How to fix encoding when connecting via odbc?

NoSkill
  • 718
  • 5
  • 15
  • The word "Звезда" in UTF-8 encoding is `\xd0\x97\xd0\xb2\xd0\xb5\xd0\xb7\xd0\xb4\xd0\xb0` but these bytes interpreted in code page _Windows-1251_ give the mojibake. I can't give a `php` proof however `"Звезда".encode('utf-8').decode('cp1251')` in `python` returns that weird mojibake string `'Звезда'`… – JosefZ Oct 21 '20 at 21:09
  • @JosefZ It's because my system locale for non-unicode programs is `Windows-1251`. So `odbc` simply interprets `UTF-8` encoded string `Звезда` as `Звезда` because my system locale for non-unicode programs is `Windows-1251`. And then this wierd string is stored to MS Access database, and MS Access interprets `Звезда` as `UNICODE` symbols. – NoSkill Oct 22 '20 at 12:48
  • I can confirm that Microsoft Access files are encoded in whatever Windows codepage was the default in the computer that created the file. As far as I know you need to `iconv()` or `mb_convert_encoding()` all around from/to UTF-8. – Álvaro González Oct 22 '20 at 17:36
  • @ÁlvaroGonzález Can you please explain how to solve this issue using encoding conversion?
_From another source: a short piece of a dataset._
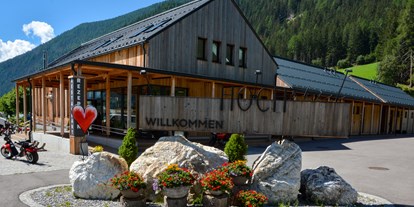 Hüttendorf - Doppelbett - Weißpriach - Rezeption und Restaurant - HOCHoben camp & explore
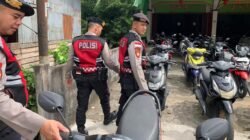 Personel Satuan Samapta Polres Sanggau saat melaksanakan kegiatan patroli rutin guna memantau situasi keamanan di pusat aktivitas masyarakat.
It seems that ODBC driver (or connection type) is not Unicode. How to send UTF-8 encoded data through non-unicode driver/connection? – NoSkill Oct 24 '20 at 14:01
  • You need to figure out the Access encoding (you already suggest it's probably Windows-1251) and encode *from* UTF-8 the text you send and encode *to* UTF-8 the text you receive, with the aforementioned functions. – Álvaro González Oct 24 '20 at 15:25
  • @ÁlvaroGonzález Starting with `Office 2000`, `Access` is using `UTF-16LE` (but it can handle `UTF-8` data too if a connection use `UTF-8` char-sets). `PHP` uses `UTF-8` in binary mode. The connection between `Access` and `PHP` via `ODBC` is probably `non-Unicode`, and uses `ANSI` char-set of current system locale (for me it's `Windows-1251`). So my question is how to fix encoding when connecting via `ODBC`, to send `Unicode` symbols to `Access`? – NoSkill Oct 24 '20 at 17:55
  • Sorry if I wasn't being precise (my only experience with Access from PHP is via ODBC). You can do `mb_convert_encoding($row['value'], 'UTF-8', 'Windows-1252);` when reading from DB and `mb_convert_encoding($value, 'Windows-1251', 'UTF-8')` when inserting or updating into DB. – Álvaro González Oct 24 '20 at 18:36
  • @Álvaro González But this is not unicode solution!!! This method will work only for `Cyrillic` letters that is present in `Windows-1251`! How about storing this string: `αβγδАБВГҐґԱԲაბგვⴀⴁⴂⴃ驚いた彼`? – NoSkill Oct 24 '20 at 20:04
  • [Windows-1251](https://en.wikipedia.org/wiki/Windows-1251) contains Latin and Cyrillic script, it cannot possibly encode Georgian, Chinese or Japanese. I understand you dislike this workaround (I do too), I'm only sharing my experience with Microsoft ODBC drivers (which if I'm not wrong are basically abandonware at present time). Perhaps you can find third-party drivers or try another library—I don't have experience to share about that. – Álvaro González Oct 25 '20 at 08:33
  • 1
    Found some workaround today... If i turn on `Use Unicode UTF-8 for worldwide language support ` in `Windows 10` `Region Settings` I able to store multilingual strings like `αβγδАБВГҐґԱԲაბგვⴀⴁⴂⴃ驚いた彼` via `PHP-ODBC` with no problem. But it still not a solution, it's just workaround. In this case Windows 10 simply uses Wide-String API for non-Unicode programs. – NoSkill Oct 25 '20 at 13:20

1 Answers1

0

PHP-ODBC is not Unicode driver. So PHP is treating the connection as ASCII-only. You not able to send Unicode characters to a database via PHP-ODBC.

The only workaround is to turn on the option "Use Unicode UTF-8 for worldwide language support" in Windows 10 Region Settings (Note: this experimental feature is not available prior Windows 10). In this case Windows 10 uses Wide-String API for non-Unicode programs.

NoSkill
  • 718
  • 5
  • 15